Cause of global throat cancer epidemic a mystery

The “astounding” increase in cases of esophageal cancer around the world seems to have begun in the UK in the 1950s, but a recent comprehensive analysis of historical data has brought scientists no closer to identifying the cause. The new report into what medicos call a “global epidemic” appears in the journal Gut.

There are two distinct types of gullet (esophageal) cancer – squamous and adenocarcinoma, the latter typically affecting the lower third of the esophagus. It was first observed that diagnoses of adenocarcinoma were increasing rapidly in the mid-1980s, but the reasons behind this dramatic increase are still an enigma.

In a bid to identify any discernible patterns, the authors of the new report looked at data from 16 population based cancer registries in eight countries (Australia, Denmark, England, Finland, Norway, Scotland, Sweden and the US), going back between 29 and 54 years.

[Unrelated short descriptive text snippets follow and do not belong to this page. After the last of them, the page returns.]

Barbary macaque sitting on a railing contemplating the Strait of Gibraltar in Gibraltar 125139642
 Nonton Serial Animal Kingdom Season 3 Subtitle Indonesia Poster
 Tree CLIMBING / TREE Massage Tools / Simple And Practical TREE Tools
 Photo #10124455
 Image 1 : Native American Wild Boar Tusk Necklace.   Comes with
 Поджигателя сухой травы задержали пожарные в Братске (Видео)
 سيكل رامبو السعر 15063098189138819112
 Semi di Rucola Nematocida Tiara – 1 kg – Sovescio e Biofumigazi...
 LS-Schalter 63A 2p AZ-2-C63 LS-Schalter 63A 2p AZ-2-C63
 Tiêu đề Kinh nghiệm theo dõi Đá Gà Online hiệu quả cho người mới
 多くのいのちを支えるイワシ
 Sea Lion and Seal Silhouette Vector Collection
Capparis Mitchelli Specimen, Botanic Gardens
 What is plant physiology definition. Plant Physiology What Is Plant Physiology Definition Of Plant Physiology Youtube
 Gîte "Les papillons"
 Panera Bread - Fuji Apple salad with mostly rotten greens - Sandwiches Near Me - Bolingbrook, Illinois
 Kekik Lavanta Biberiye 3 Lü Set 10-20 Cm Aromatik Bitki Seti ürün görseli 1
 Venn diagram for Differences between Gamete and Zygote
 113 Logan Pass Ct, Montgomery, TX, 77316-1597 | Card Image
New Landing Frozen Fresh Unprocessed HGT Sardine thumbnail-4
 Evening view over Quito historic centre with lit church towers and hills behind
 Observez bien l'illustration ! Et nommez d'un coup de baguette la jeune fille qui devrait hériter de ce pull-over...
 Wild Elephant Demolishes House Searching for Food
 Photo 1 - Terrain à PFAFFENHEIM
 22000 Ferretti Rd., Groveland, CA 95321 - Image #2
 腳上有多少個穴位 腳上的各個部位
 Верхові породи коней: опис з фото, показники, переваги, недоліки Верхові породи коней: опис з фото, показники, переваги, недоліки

The researchers calculated the rates of the disease that would be expected to be diagnosed, according to the age of the population and looked at the timelines to see if there were particular flash points at which diagnoses suddenly increased.

They found that the incidence of esophageal adenocarcinoma continued to increase rapidly in all 16 registries, and there is little evidence that this trend is beginning to plateau. Men continue to be 3-9 times as likely to develop the disease as women – a pattern that has remained consistent over time.

The researchers note that in around half the registers, a low and seemingly stable rate of new diagnoses shifted abruptly to a rapidly and consistently linear increase. In the remainder of the registries, the rate had gone beyond a low and stable phase, and was already rising when registration started.

Timeline analysis indicated that the first discernible surge probably occurred around 1960 in Scotland and England, with a similar surge in the US starting in the mid-1970s, and another beginning in 1991 in Sweden.

The authors suggest that as the analysis was restricted to countries and regions with reliable and longstanding data, it seems unlikely that more than a fraction of these patterns could be attributable to mistakes in diagnosis.

Obesity, which is linked to acid reflux – a well known cause of the disease – has been rising rapidly, but the pattern does not fully match that of esophageal adenocarcinoma, say the authors, nor does it explain the gender difference seen in this type of cancer. Smoking rates do not appear to be linked either, and both factors are “unlikely to explain either the abrupt change or the astounding rate of increase,” the authors note.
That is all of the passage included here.